====== RECORDED INFORMATION
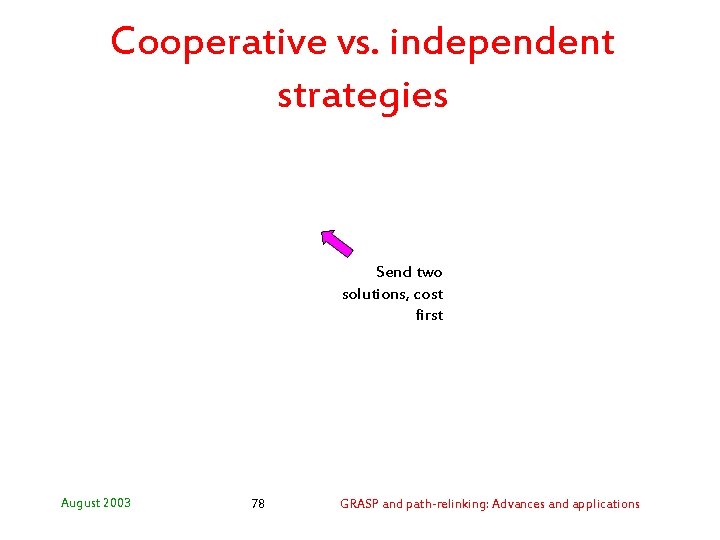 Cooperative vs. independent strategies Send two solutions, cost first August 2003 78 GRASP and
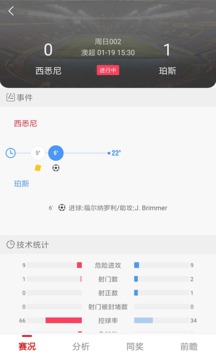 中国体育彩票截图3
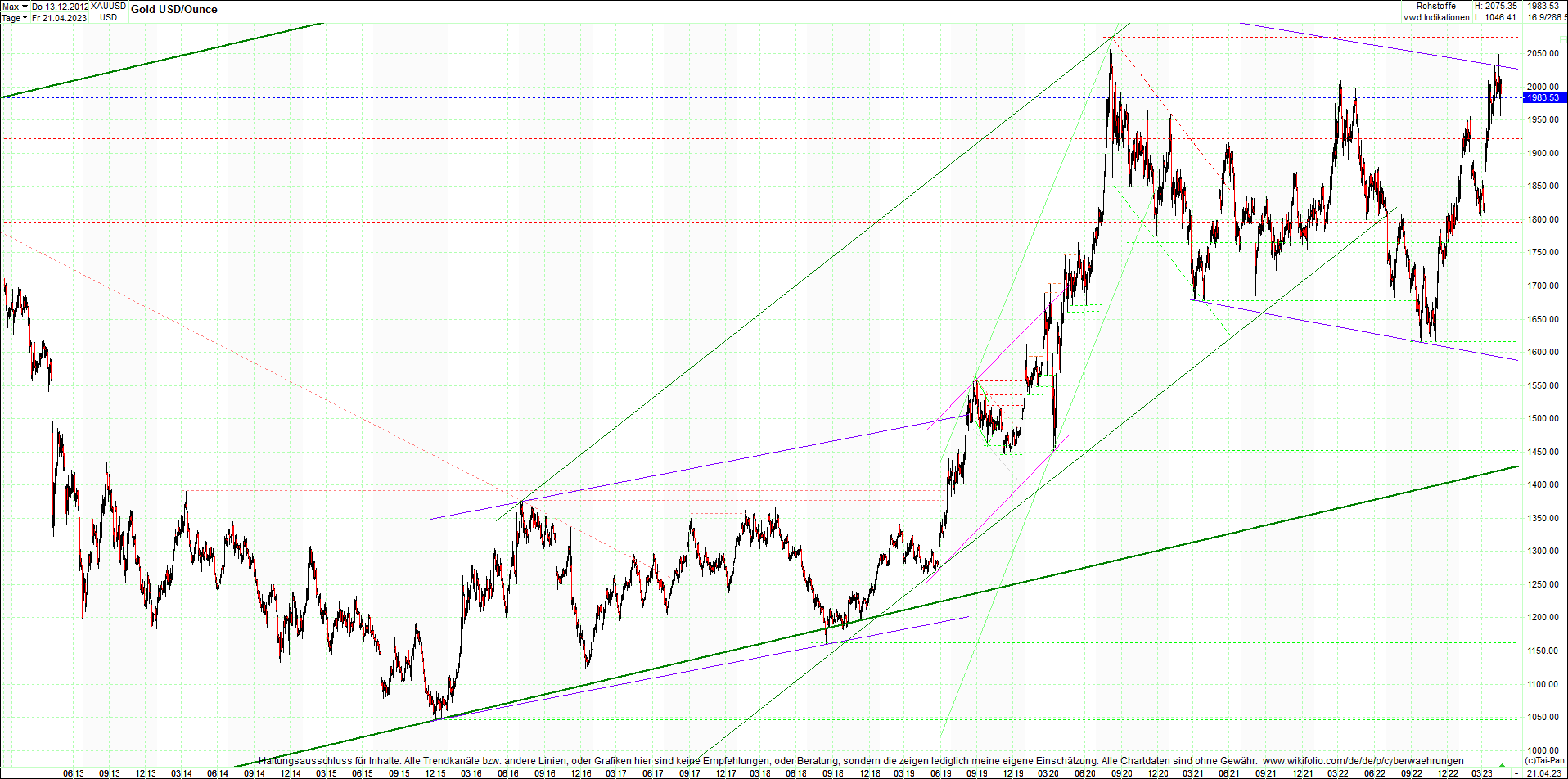 gold_chart_heute_am_morgen.png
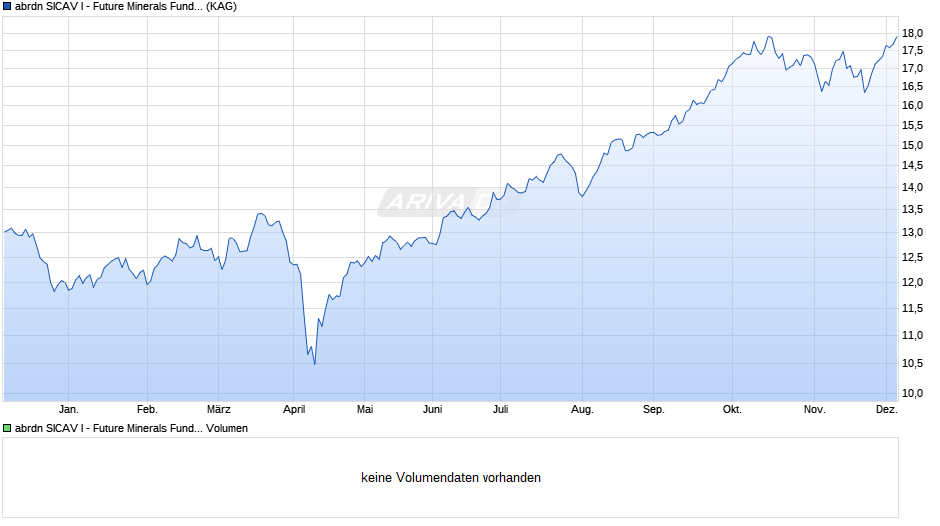 abrdn SICAV I - Future Minerals Fund A Acc Hedged EUR Chart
============
WORK REQUEST
Retype the material in full, exactly as written, and exclude the pictures.

OUTPUT OF THE EXERCISE
 Cooperative vs. independent strategies Send two solutions, cost first August 2003 78 GRASP and
 中国体育彩票截图3
 gold_chart_heute_am_morgen.png
 abrdn SICAV I - Future Minerals Fund A Acc Hedged EUR Chart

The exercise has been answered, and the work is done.